Each line of the data below goes into the copy exactly; pictures do not.

### Data under study
-- Opening Marker --

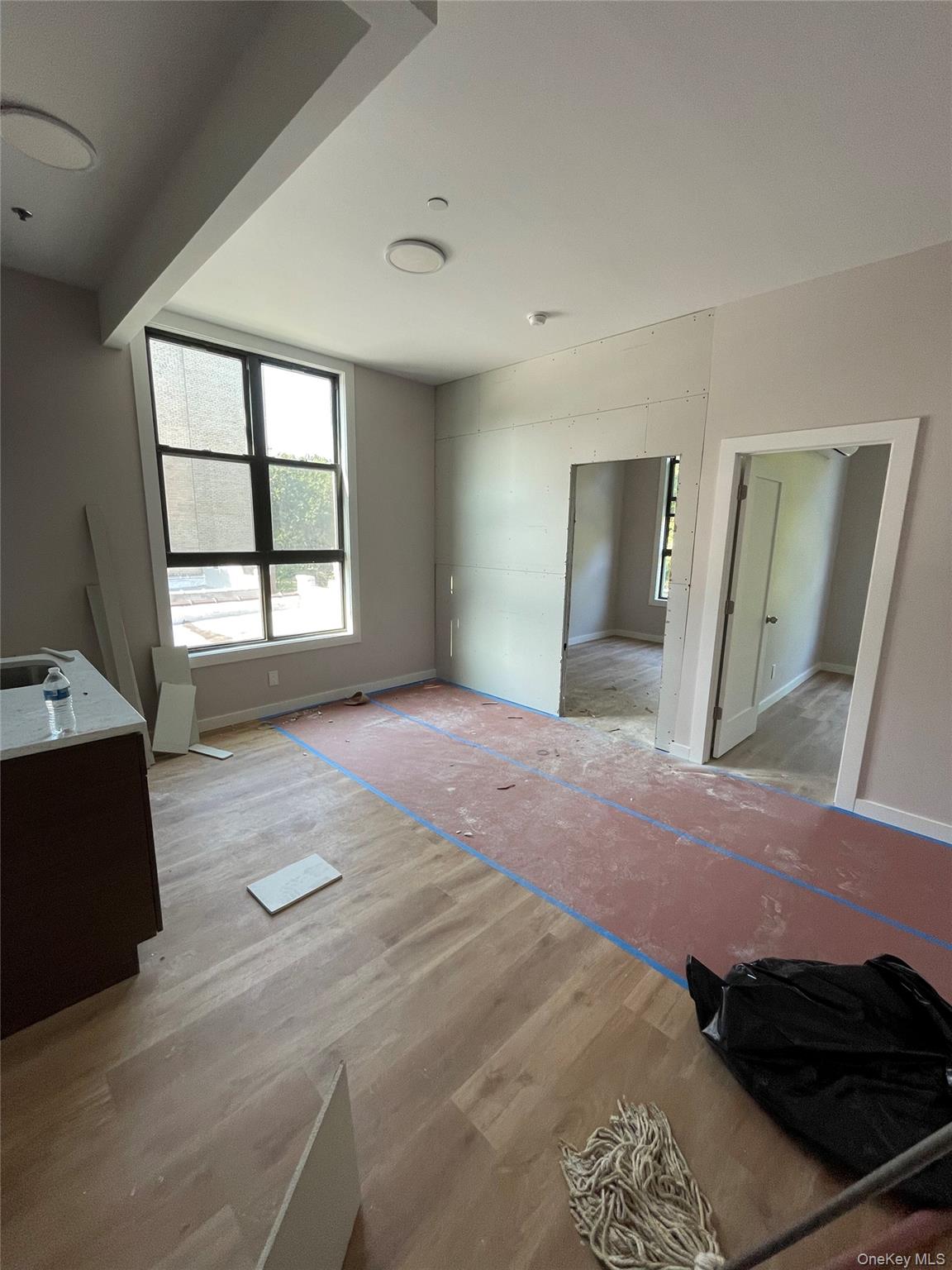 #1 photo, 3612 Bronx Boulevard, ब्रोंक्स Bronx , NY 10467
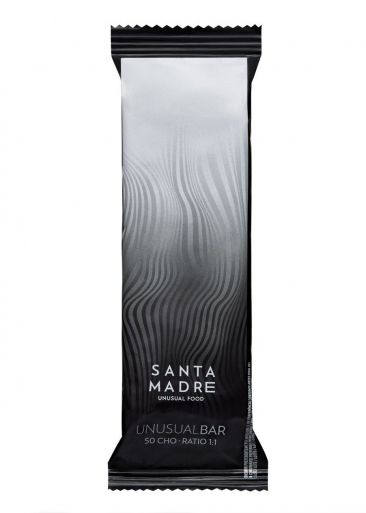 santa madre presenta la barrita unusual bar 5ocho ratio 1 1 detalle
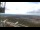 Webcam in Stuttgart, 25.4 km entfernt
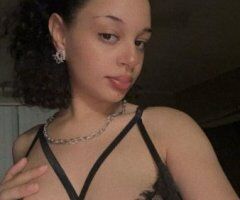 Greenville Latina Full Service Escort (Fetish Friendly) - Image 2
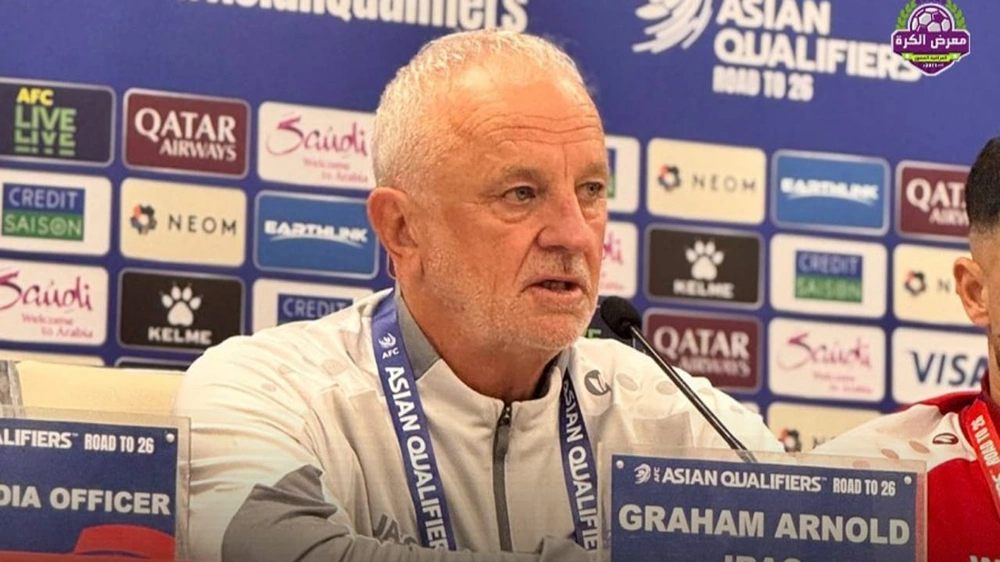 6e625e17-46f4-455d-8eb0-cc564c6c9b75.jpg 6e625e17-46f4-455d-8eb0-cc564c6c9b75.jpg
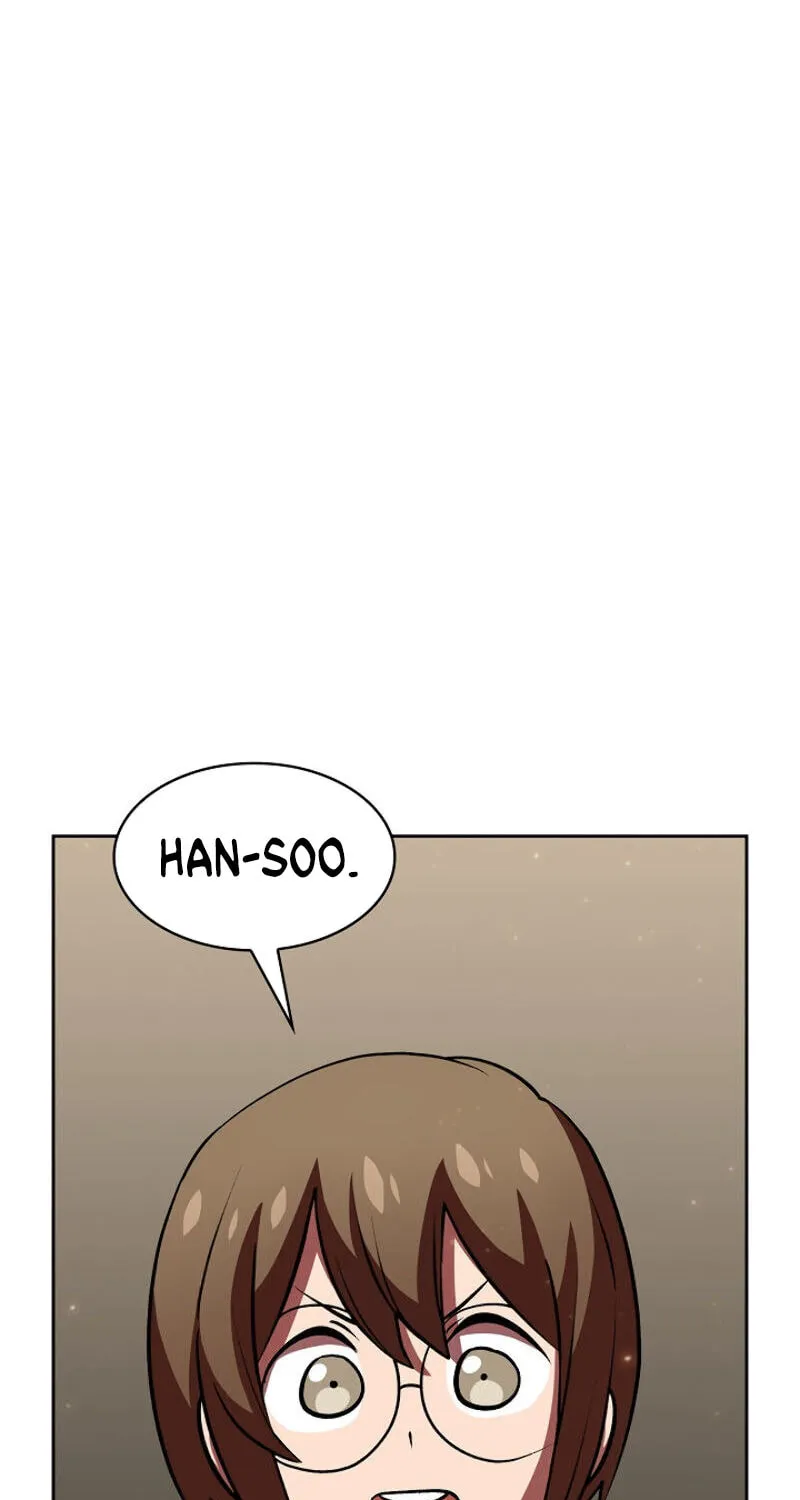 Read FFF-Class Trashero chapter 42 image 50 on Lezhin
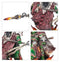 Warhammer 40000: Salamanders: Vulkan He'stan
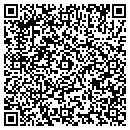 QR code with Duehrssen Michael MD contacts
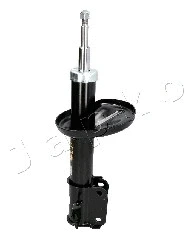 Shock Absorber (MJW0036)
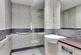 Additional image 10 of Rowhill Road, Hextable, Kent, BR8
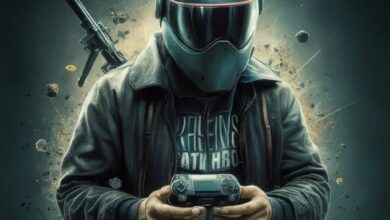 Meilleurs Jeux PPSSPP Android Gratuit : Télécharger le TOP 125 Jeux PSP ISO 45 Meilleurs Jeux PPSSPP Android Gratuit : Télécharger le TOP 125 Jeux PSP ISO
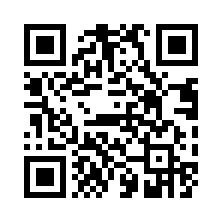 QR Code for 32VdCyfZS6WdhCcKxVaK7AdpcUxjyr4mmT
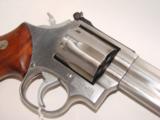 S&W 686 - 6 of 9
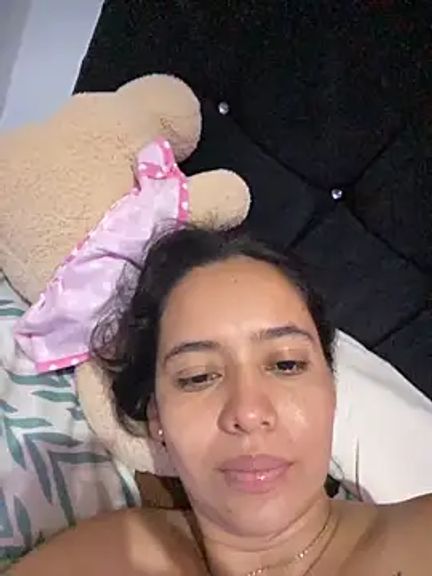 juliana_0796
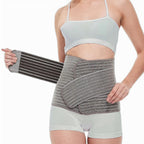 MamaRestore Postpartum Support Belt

-- Closing Marker --

### Written reply
 #1 photo, 3612 Bronx Boulevard, ब्रोंक्स Bronx , NY 10467
 santa madre presenta la barrita unusual bar 5ocho ratio 1 1 detalle
 Webcam in Stuttgart, 25.4 km entfernt
 Greenville Latina Full Service Escort (Fetish Friendly) - Image 2
 6e625e17-46f4-455d-8eb0-cc564c6c9b75.jpg 6e625e17-46f4-455d-8eb0-cc564c6c9b75.jpg
 Read FFF-Class Trashero chapter 42 image 50 on Lezhin
 Warhammer 40000: Salamanders: Vulkan He'stan
 QR code with Duehrssen Michael MD contacts
 Shock Absorber (MJW0036)
 Additional image 10 of Rowhill Road, Hextable, Kent, BR8
 Meilleurs Jeux PPSSPP Android Gratuit : Télécharger le TOP 125 Jeux PSP ISO 45 Meilleurs Jeux PPSSPP Android Gratuit : Télécharger le TOP 125 Jeux PSP ISO
 QR Code for 32VdCyfZS6WdhCcKxVaK7AdpcUxjyr4mmT
 S&W 686 - 6 of 9
 juliana_0796
 MamaRestore Postpartum Support Belt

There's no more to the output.